• **YOUR OBJECTIVE**
In the entries below, begin at the line with "Ад будет переследовать тебя всегда!!!..." and stop after the line with "2 Unterwegs mit"; output those lines exactly and omit the pictures.

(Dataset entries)
[Start of section]
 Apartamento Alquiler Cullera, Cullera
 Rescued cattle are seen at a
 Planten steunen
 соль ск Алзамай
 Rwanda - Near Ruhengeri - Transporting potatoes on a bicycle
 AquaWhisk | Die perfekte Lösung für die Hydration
[End of section]
[Start of section]
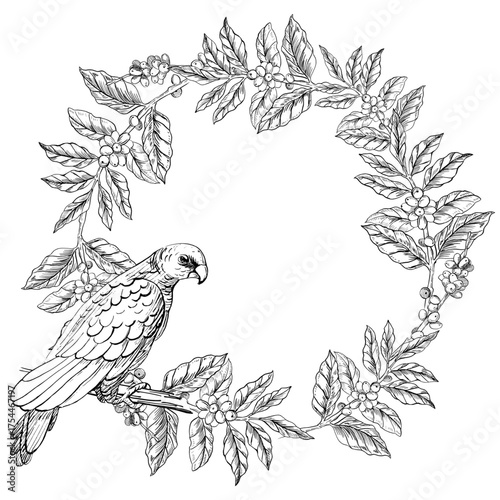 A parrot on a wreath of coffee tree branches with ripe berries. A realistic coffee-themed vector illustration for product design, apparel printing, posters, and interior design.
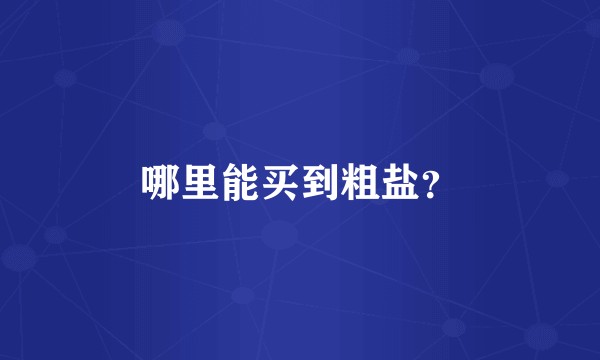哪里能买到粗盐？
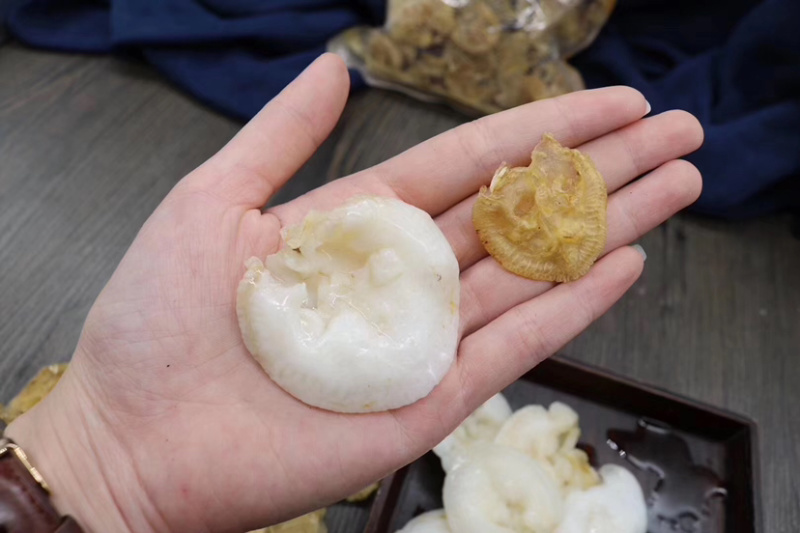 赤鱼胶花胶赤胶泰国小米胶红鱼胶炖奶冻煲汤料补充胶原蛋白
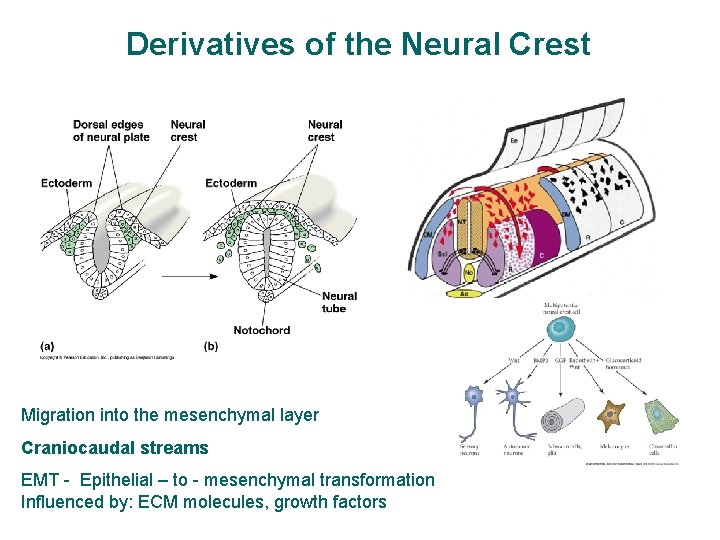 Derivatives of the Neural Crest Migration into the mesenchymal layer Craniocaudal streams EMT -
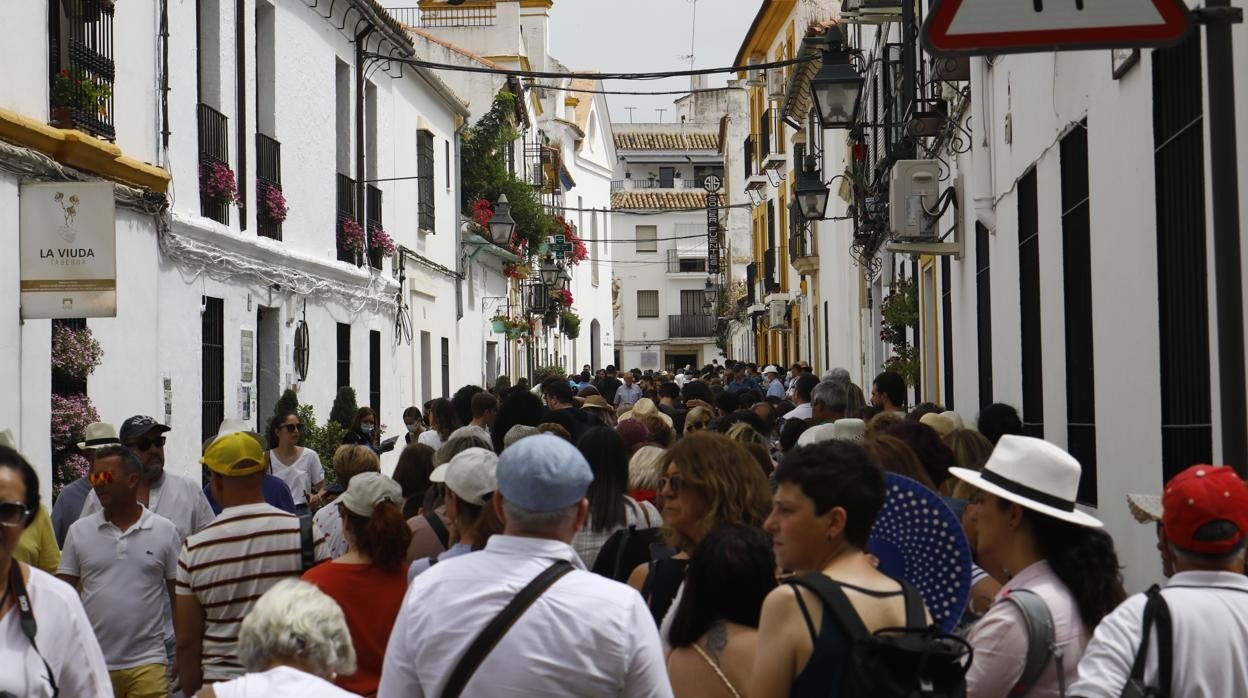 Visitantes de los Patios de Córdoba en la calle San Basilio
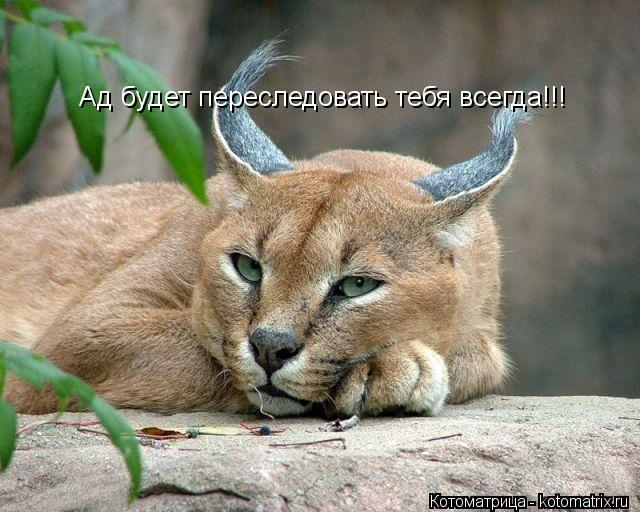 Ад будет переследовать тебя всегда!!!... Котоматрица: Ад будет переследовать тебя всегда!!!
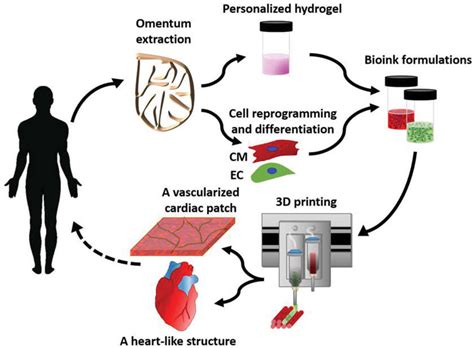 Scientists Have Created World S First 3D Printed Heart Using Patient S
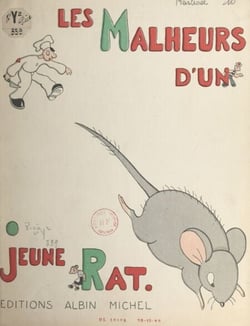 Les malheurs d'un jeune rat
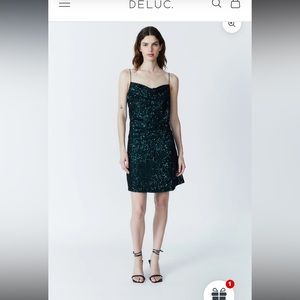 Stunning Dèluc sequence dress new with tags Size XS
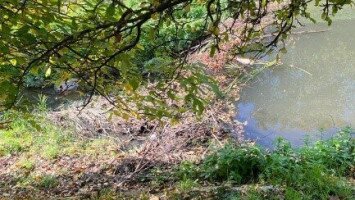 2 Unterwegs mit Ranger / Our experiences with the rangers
[End of section]
• **PROBLEM SOLUTION**
 Ад будет переследовать тебя всегда!!!... Котоматрица: Ад будет переследовать тебя всегда!!!
 Scientists Have Created World S First 3D Printed Heart Using Patient S
 Les malheurs d'un jeune rat
 Stunning Dèluc sequence dress new with tags Size XS
 2 Unterwegs mit Ranger / Our experiences with the rangers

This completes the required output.